An introduction
by Denis Moiseev and Michael McCune
During the course of installing, operating, and maintaining an OKD cluster it is natural for users to come across strange behaviors and failures that are difficult to understand. As Red Hat engineers working on OpenShift, we have many tools at our disposal to research cluster failures and to report our findings to our colleagues. We would like to share some of our experiences, techniques, and tools with the wider OKD community in the hopes of inspiring others to investigate these areas.
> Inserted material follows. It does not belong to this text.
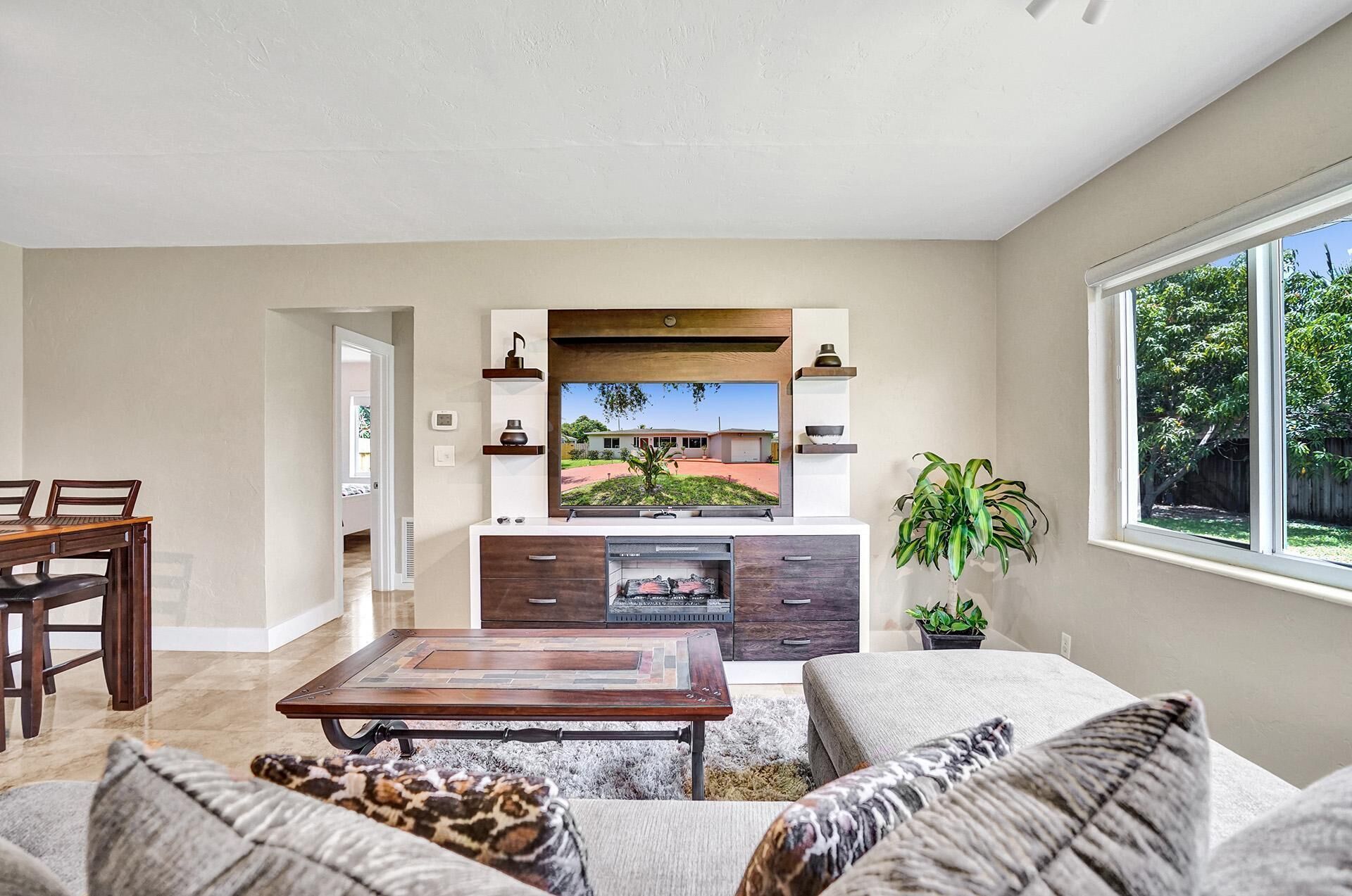 Beautiful Renovated Home in Hollywood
As part of our daily activities we spend a significant amount of time investigating bugs, and also failures in our release images and testing systems. As you might imagine, to accomplish this task we use many tools and pieces of tribal knowledge to understand not only the failures themselves, but the complexity of the build and testing infrastructures. As Kubernetes and OpenShift have grown, there has always been an organic growth of tooling and testing that helps to support and drive the development process forward. To fully understand the depths of these processes is to be actively following what is happening with the development cycle. This is not always easy for users who are also focused on delivering high quality service through their clusters.
On 2 September, 2022, we had the opportunity to record a video of ourselves diving into the OKD release artifacts to show how we investigate failures in the continuous integration release pipeline. In this video we walk through the process of finding a failing release test, examining the Prow console, and then exploring the results that we find. We explain what these artifacts mean, how to further research failures that are found, and share some other web-based tools that you can use to find similar failures, understand the testing workflow, and ultimately share your findings through a bug report.
To accompany the video, here are some of the links that we explore and related content:
- www.okd.io/installation/ - the main OKD installation page, where our journey begins
- amd64.origin.releases.ci.openshift.org/ - OKD releases for AMD64, the place to go for release images and continuous integration reporting
- docs.prow.k8s.io/docs/overview/architecture/ - an overview of Prow architecture, this is useful to understand how Prow operates
- github.com/openshift/release - OpenShift and OKD’s Prow configuration, go here to find how the jobs are setup
- github.com/openshift/origin/ - conformance tests for OpenShift and OKD, this is where many of the Kubernetes tests are located
- steps.ci.openshift.org/ - CI step registry, useful for discovering how test jobs flow together
- search.ci.openshift.org/ - CI log search, useful for finding similar test failures
- docs.ci.openshift.org/docs/ - home of the OpenShift CI docs
- docs.ci.openshift.org/docs/getting-started/useful-links/ - useful links to various services, also links to talks and presentations
- docs.ci.openshift.org/docs/how-tos/artifacts/ - explanations of CI artifacts
- issues.redhat.com - OpenShift/OKD bug reporting system
Finally, if you do find bugs or would like report strange behavior in your clusters, remember to visit issues.redhat.com and use the project OCPBUGS.